(Image-caption web data)
--- START ---

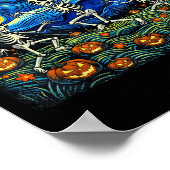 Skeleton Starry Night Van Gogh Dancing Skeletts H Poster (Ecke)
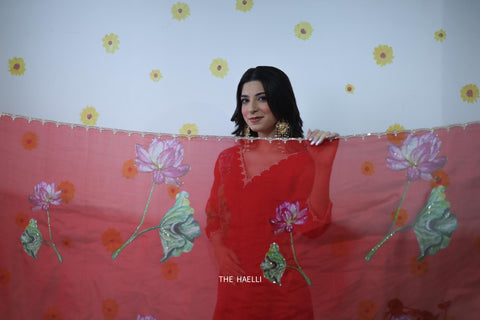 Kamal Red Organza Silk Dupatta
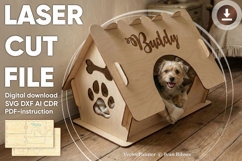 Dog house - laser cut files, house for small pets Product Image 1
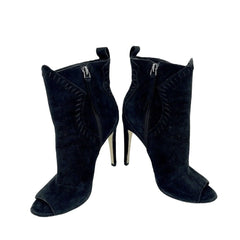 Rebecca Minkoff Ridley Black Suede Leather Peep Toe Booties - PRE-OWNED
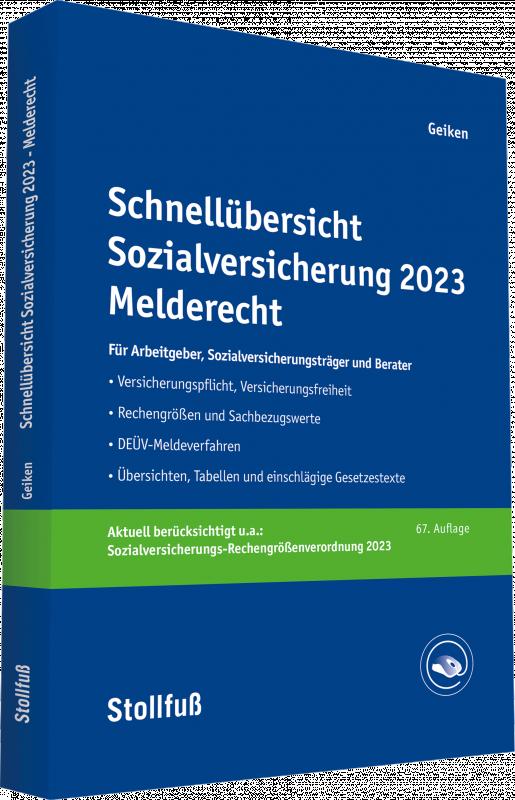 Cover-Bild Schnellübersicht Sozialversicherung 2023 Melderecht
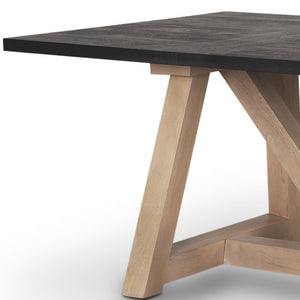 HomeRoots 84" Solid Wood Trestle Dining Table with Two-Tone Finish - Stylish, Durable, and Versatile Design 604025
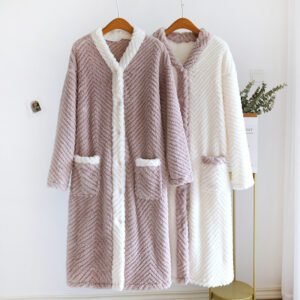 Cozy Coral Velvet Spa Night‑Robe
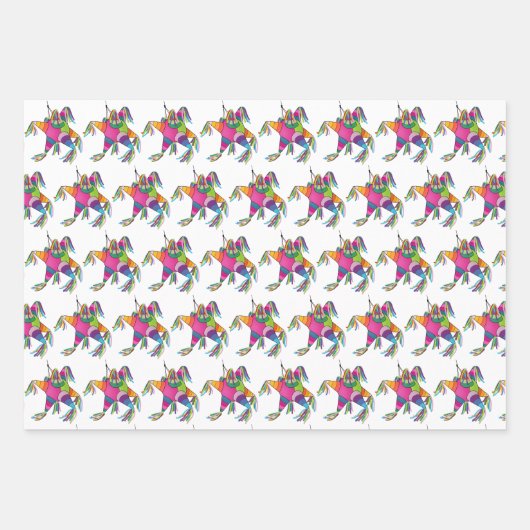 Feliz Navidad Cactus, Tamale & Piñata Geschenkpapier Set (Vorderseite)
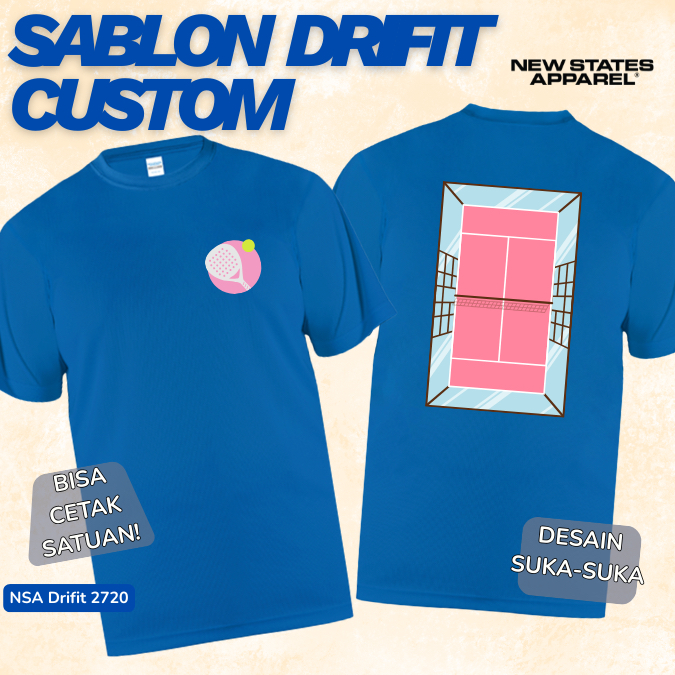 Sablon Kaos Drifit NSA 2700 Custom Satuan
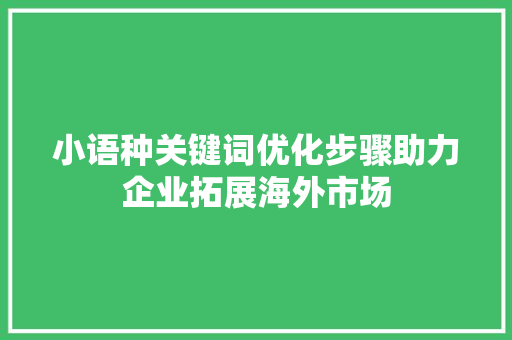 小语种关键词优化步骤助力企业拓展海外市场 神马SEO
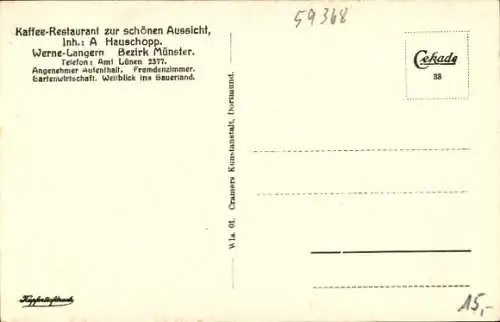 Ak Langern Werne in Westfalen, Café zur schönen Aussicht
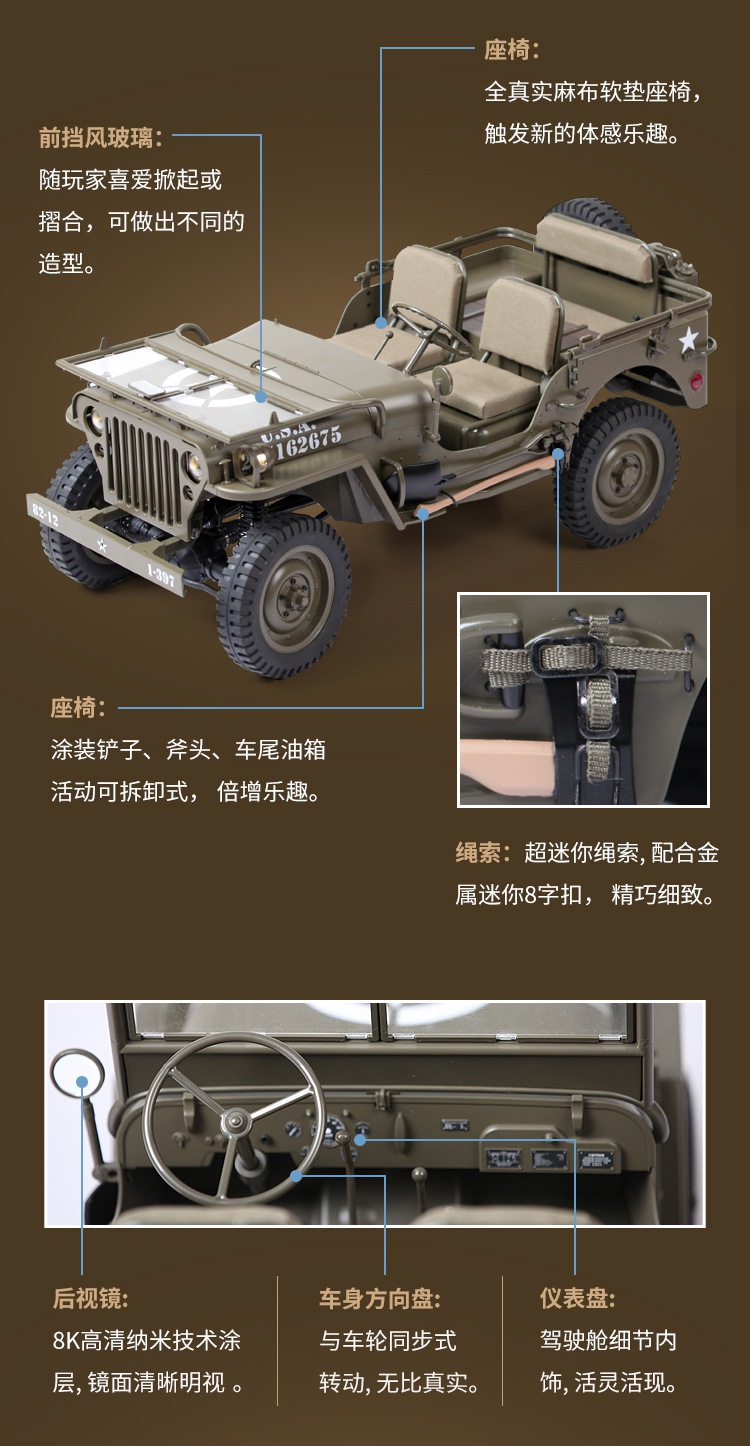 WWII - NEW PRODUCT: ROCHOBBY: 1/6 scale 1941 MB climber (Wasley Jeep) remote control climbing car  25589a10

--- END ---

Reproduce, word for word, every line from the one that contains "小语种关键词优化步骤助力企业拓展海外市场 神马SEO" to the end of the data, including both ends; omit all pictures.

▶ [Reply]
 小语种关键词优化步骤助力企业拓展海外市场 神马SEO
 Ak Langern Werne in Westfalen, Café zur schönen Aussicht
 WWII - NEW PRODUCT: ROCHOBBY: 1/6 scale 1941 MB climber (Wasley Jeep) remote control climbing car  25589a10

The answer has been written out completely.